大數據基礎(二)hadoop, mave, hbase, hive, sqoop在ubuntu 14.04.04下的安裝和sqoop與hdfs,hive,mysql導入導出

hadoop, mave, hbase, hive, sqoop在ubuntu 14.04.04下的安裝

2016.05.15

本文測試環境:

hadoop2.6.2 ubuntu 14.04.04 amd64 jdk1.8

安裝版本:

maven 3.3.9 hbase 1.15 hive 1.2.1 sqoop2(1.99.6)和sqoop1(1.4.6)

另外,本文參考了一些文章,基本上都有原文鏈接。


前提:hadoop安裝:
參考:http://blog.csdn.net/xanxus46/article/details/45133977

本文的安裝教程可以輔助基本的hadoop日誌分析,詳細教程,參考:

http://www.cnblogs.com/edisonchou/p/4449082.html


一、maven
1、安裝jdk
2、下載:
http://maven.apache.org/download.cgi
wget http://mirrors.cnnic.cn/apache/maven/maven-3/3.3.9/binaries/apache-maven-3.3.9-bin.tar.gz
3、解壓:
tar -xzf apache-maven-3.3.9-bin.tar.gz
4、配置環境變量
vi ~/.bashrc
export MAVEN_HOME=/home/Hadoop/apache-maven-3.3.9
export PATH=$MAVEN_HOME/bin:$PATH
生效:
source ~/.bashrc
5、驗證
$mvn --version
結果:
root@spark:/usr/local/maven/apache-maven-3.3.9# mvn --version
Apache Maven 3.3.9 (bb52d8502b132ec0a5a3f4c09453c07478323dc5; 2015-11-11T00:41:47+08:00)
Maven home: /usr/local/maven/apache-maven-3.3.9
Java version: 1.8.0_65, vendor: Oracle Corporation
Java home: /usr/lib/java/jdk1.8.0_65/jre
Default locale: en_HK, platform encoding: UTF-8
OS name: "linux", version: "3.19.0-58-generic", arch: "amd64", family: "unix"
root@spark:/usr/local/maven/apache-maven-3.3.9# 
http://www.linuxidc.com/Linux/2015-03/114619.htm


二、hbase
1、下載:
http://mirrors.hust.edu.cn/apache/hbase/stable/
http://mirrors.hust.edu.cn/apache/hbase/stable/hbase-1.1.5-bin.tar.gz
2、解壓:
HBase的安裝也有三種模式:單機模式、僞分佈模式和完全分佈式模式,在這裏只介紹完全分佈模式。
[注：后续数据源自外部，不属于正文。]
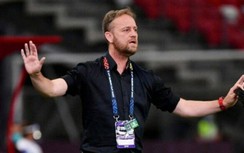 AFF Cup 2020: HLV Thái Lan nổ tưng bừng sau khi loại Việt Nam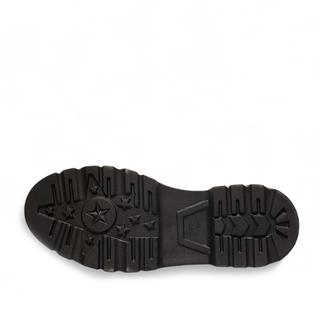 Genel Zenne Loafer Ayakkabı 814 Cilt Kahve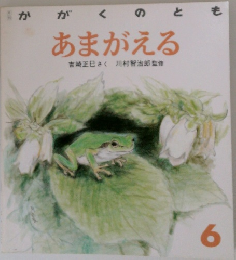  あまがえる　6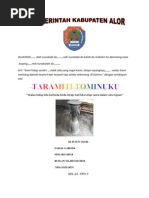 Download Makalah Buku Alor by Thaot Razta SN120825358 doc pdf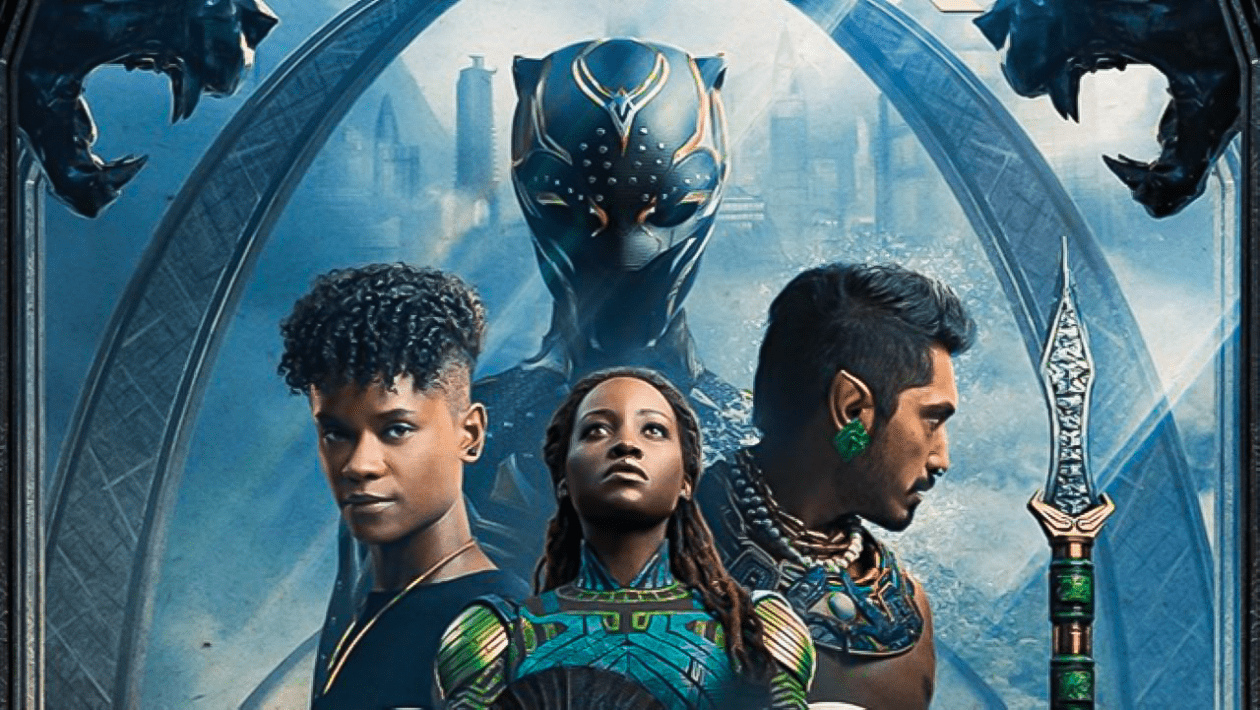 "Black Panther : Wakanda Forever" est une réussite, malgré les embuches [critique]
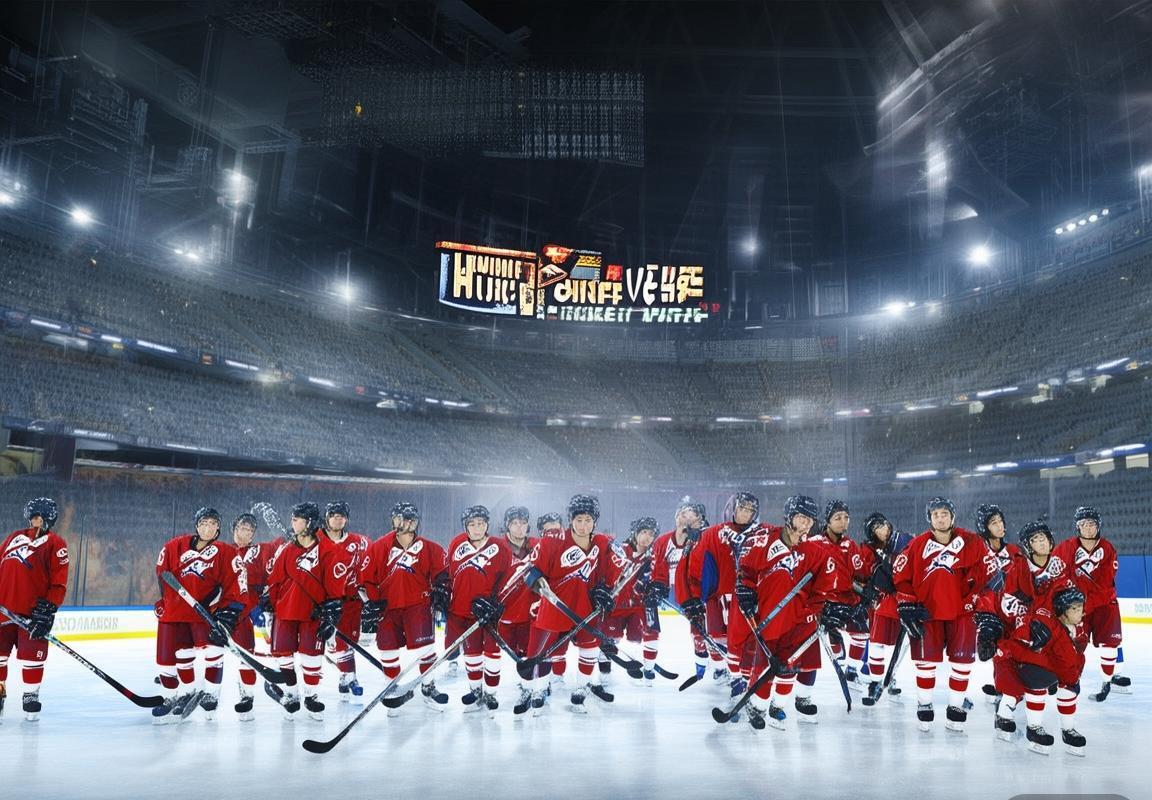 韩中曲棍球对抗赛：激情对决亮点解析(图3)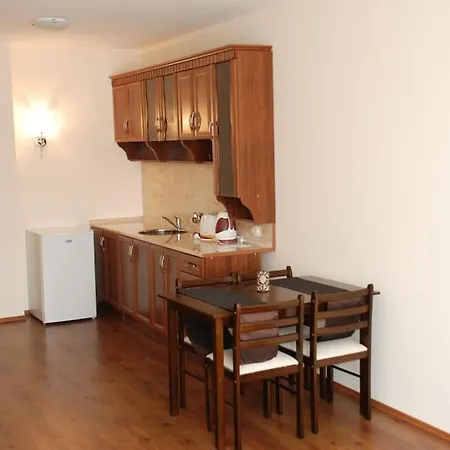Apartman едноспален Pirin Palace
前提是Hadoop集羣和Zookeeper已經安裝完畢,並能正確運行。 
第一步:下載安裝包,解壓到合適位置,並將權限分配給hadoop用戶(運行hadoop的賬戶,比如root)
這裏下載的是hbase-1.1.5,Hadoop集羣使用的是2.6,將其解壓到/usr/local下
tar -zxvf hbase-1.1.5-bin.tar.gz
mkdir /usr/local/hbase
mv hbase-1.1.5 /usr/local/hbase
cd /usr/local
chmod -R 775 hbase
chmod -R root: hbase
3、環境變量
$vi ~/.bashrc
export HBASE_HOME=/usr/local/hbase/hbase-1.1.5
PATH=$HBASE_HOME/bin:$PATH
source ~/.bashrc
4、配置文件
4.1 jdk[有默認的jdk,可以不改]
sudo vim /opt/hbase/conf/hbase-env.sh 
修改$JAVA_HOME爲jdk安裝目錄,這裏是/opt/jdk1.8.0 
4.2 hbase-site.xml
/usr/local/hbase/hbase-1.1.5/conf/hbase-site.xml
<configuration>
        <property>
                <name>hbase.rootdir</name>
                <value>hdfs://spark:9000/hbase</value>
        </property>
        <property>
                <name>hbase.cluster.distributed</name>
                <value>true</value>
        </property>
</configuration>
5、驗證
先啓動hadoop
sbin/start-dfs.sh
sbin/start-yarn.sh
$hbase shell
結果:
root@spark:/usr/local/hbase/hbase-1.1.5/bin# hbase shell
SLF4J: Class path contains multiple SLF4J bindings.
SLF4J: Found binding in [jar:file:/usr/local/hbase/hbase-1.1.5/lib/slf4j-log4j12-1.7.5.jar!/org/slf4j/impl/StaticLoggerBinder.class]
SLF4J: Found binding in [jar:file:/usr/local/hadoop/hadoop-2.6.2/share/hadoop/common/lib/slf4j-log4j12-1.7.5.jar!/org/slf4j/impl/StaticLoggerBinder.class]
SLF4J: See http://www.slf4j.org/codes.html#multiple_bindings for an explanation.
SLF4J: Actual binding is of type [org.slf4j.impl.Log4jLoggerFactory]
HBase Shell; enter 'help<RETURN>' for list of supported commands.
Type "exit<RETURN>" to leave the HBase Shell
Version 1.1.5, r239b80456118175b340b2e562a5568b5c744252e, Sun May  8 20:29:26 PDT 2016
hbase(main):001:0> 
http://blog.csdn.net/xanxus46/article/details/45133977

集羣安裝:http://blog.sina.com.cn/s/blog_6145ed810102vtws.html



三、hive
1、下載:http://apache.fayea.com/hive/stable/
http://apache.fayea.com/hive/stable/apache-hive-1.2.1-bin.tar.gz
2、解壓:
tar xvzf apache-hive-1.2.1-bin.tar.gz 
3、環境變量
root@spark:/home/alex/xdowns# vi ~/.bashrc
export HIVE_HOME=/usr/local/hive/apache-hive-1.2.1-bin
export PATH=$PATH:$HIVE_HOME/bin
root@spark:/home/alex/xdowns# source ~/.bashrc
4、修改配置文件
首先將hive-env.sh.template和hive-default.xml.template進行復制並改名爲hive-env.sh和hive-site.xml。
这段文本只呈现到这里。